# Work task:
The required answer is a copy of each line in the entries below that includes "area".

# Dataset records:
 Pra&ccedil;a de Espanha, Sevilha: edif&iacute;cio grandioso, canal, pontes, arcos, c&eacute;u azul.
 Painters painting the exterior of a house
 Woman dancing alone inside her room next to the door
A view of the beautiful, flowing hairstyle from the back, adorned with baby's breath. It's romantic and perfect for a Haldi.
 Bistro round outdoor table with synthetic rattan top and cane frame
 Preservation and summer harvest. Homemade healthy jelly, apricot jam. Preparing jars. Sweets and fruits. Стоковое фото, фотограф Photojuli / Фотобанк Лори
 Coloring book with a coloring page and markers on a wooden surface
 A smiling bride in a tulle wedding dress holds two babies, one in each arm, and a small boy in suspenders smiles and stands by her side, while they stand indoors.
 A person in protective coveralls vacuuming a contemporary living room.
---
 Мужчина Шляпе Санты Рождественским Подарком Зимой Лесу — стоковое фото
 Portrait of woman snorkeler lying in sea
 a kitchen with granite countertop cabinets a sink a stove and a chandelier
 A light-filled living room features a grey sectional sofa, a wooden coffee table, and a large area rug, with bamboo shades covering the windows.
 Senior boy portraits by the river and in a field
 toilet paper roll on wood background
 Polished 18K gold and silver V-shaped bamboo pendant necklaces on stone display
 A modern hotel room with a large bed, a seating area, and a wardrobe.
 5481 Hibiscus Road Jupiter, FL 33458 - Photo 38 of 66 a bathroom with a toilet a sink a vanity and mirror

# Task response:
 A light-filled living room features a grey sectional sofa, a wooden coffee table, and a large area rug, with bamboo shades covering the windows.
 A modern hotel room with a large bed, a seating area, and a wardrobe.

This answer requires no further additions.